… High on the agenda? Difficult? Important? Necessary?
These are some examples of the unpublished words of the question “Why is interoperability so…?” of my previous blog. The answer to all these? Because it brings value to whom needs it!
Yes, unfortunately it is also the answer to the question why interoperability is so difficult. As industry, as government, as health care provider, as human being, we all want the best for our people, we all want to bring value to whom needs it. We also want to ensure the benefits outweigh the risks. We all are aware there could be risks when two or more devices, each with their own intended use, will be combined and used for a different purpose than intended. Therefore, interoperability can be regarded as difficult, I rather phrase it as ‘can be perceived as becoming complex’.
Nevertheless, it might not be as complex as we think. During the pandemic, the Centers for Medicare & Medicaid Services (CMS), who keeps oversight of practice of medicine, temporarily waived the requirement for remote locations to have separate Clinical Laboratory Improvement Amendments (CLIA) licenses, provided that the primary lab has a CLIA certificate, see also College of American Pathologist (CAP) website. Also, the Food and Drug Administration (FDA), who keeps oversight of medical devices marketed by vendors, allowed through the Emergency Use Authorization (EUA) remote use of WSI system devices. Even more, under certain conditions the agency temporarily allowed non-510(k) cleared WSI devices to be used, including ‘mixing and matching’ the different components of a WSI system device.
Now the pandemic is declared over, CMS has not revoked their remote use waiver . I have been informed they are working towards updating the rules, allowing remote use permanently. FDA however, has a transition plan in place to returning to the ‘normal’ policies, i.e., pre-pandemic.
Even though I understand this, it does not make 100% sense in my brain. During the pandemic, as far as I am aware of, no serious incidents were reported while health care providers were using components from different vendors interchangeably in the WSI system device. This shows, that both vendors and health care providers, including pathologists who are well trained medical professionals, privileged to sign out cases, trust this interoperability between components.
This leads me to the next reason why it doesn’t make 100% sense in my brain. That is, there should be ways to leverage this real world evidence to allow interoperability of WSI devices.
As you might have sensed from previous blogs, I am a strong believer in teamship, partnership and collaborations. I believe that we could and should use these learnings, this real world evidence and related data to speed up the pace of collaboration between policy makers, vendors, and health care providers . This to define 1) minimal interoperability requirements for the different WSI components and 2) general principles to safeguard interoperability – for the sake of patients. This speeding up the pace is essential to ensure the momentum of digital pathology evolution will not get lost.
Some thoughts,
- A software company developing Software as a Medical Device (SaMD) could distort images, and use this to develop their algorithm to make its algorithm robust.
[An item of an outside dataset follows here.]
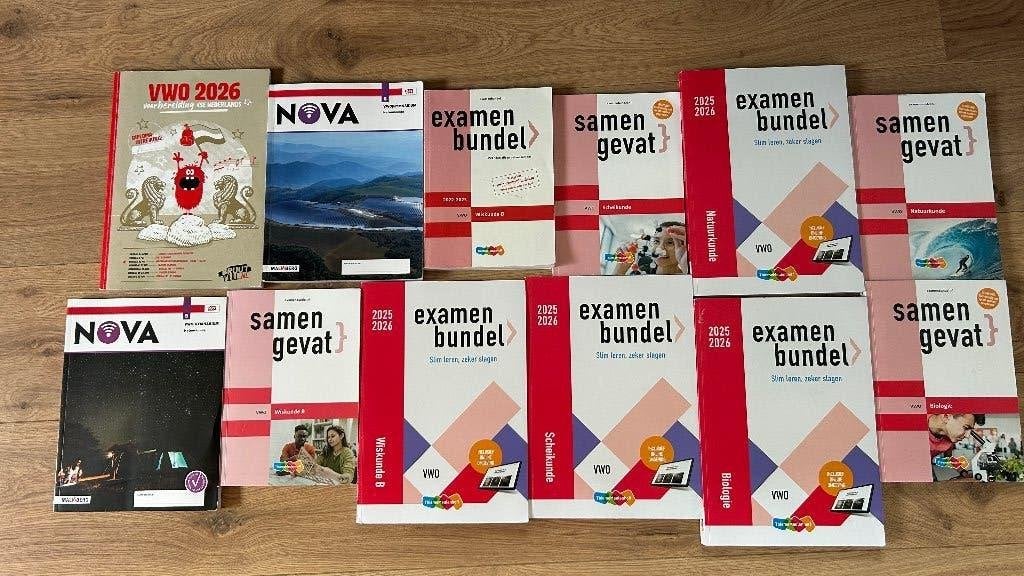 VWO examenoefenbundels + rekenmachine TI-84 +CE python ed., Boeken, Ophalen of Verzenden, Beta, Gelezen, Overige niveaus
That is, the algorithm safety and effectiveness performance will not change when a scanner has been modified or another scanner with same minimal requirements will be used to produce WSIs for the algorithm to ingest.
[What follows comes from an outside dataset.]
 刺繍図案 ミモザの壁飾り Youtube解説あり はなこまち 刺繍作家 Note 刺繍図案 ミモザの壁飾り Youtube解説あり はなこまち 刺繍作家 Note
- Or they could have included internal controls in the algorithm to measure changes when scanning a calibration slide. When the changes are outside boundaries an alarm is triggered.
- Or a phantom can be used to measure the algorithm performance
- Or the use of by FDA accepted training, tuning, test and validated datasets managed and under control by a neutral third party.
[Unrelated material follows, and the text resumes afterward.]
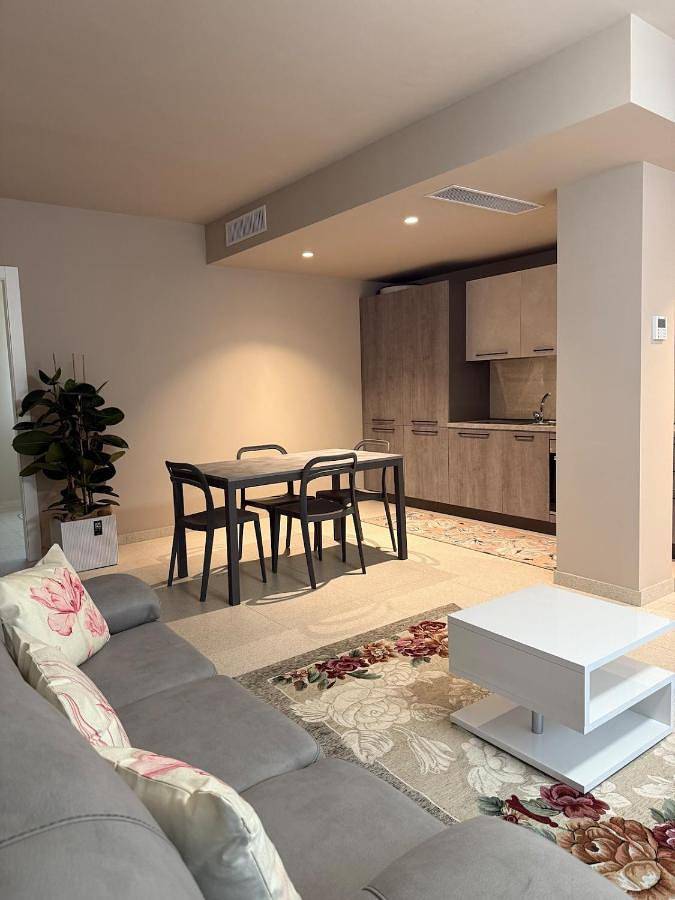 Appartamento per 5 persone, con Balcone e Terrazza a Montebelluna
There are multiple options which perfectly address the FDA guidance ”Design considerations and pre-market submission recommendations for interoperable medical devices”.
I am fully aware the devil is in the details, and I do not know all the technical details because I am not an engineer. And this is my point exactly. This is why I am a strong believer in collaboration. I am invested to speed up the pace of collaboration. That is why I am working with the Digital Pathology Association (DPA) and Pathology Innovation Collaborative Community (PIcc) who are collaborating with all the stakeholders, including the FDA to make interoperability happen.
Let’s work in teamship to getting the big question “when will components of WSI systems become truly interoperable, enabling and allowing mixing and matching, plugging and diagnosing for the sake of patients” answered.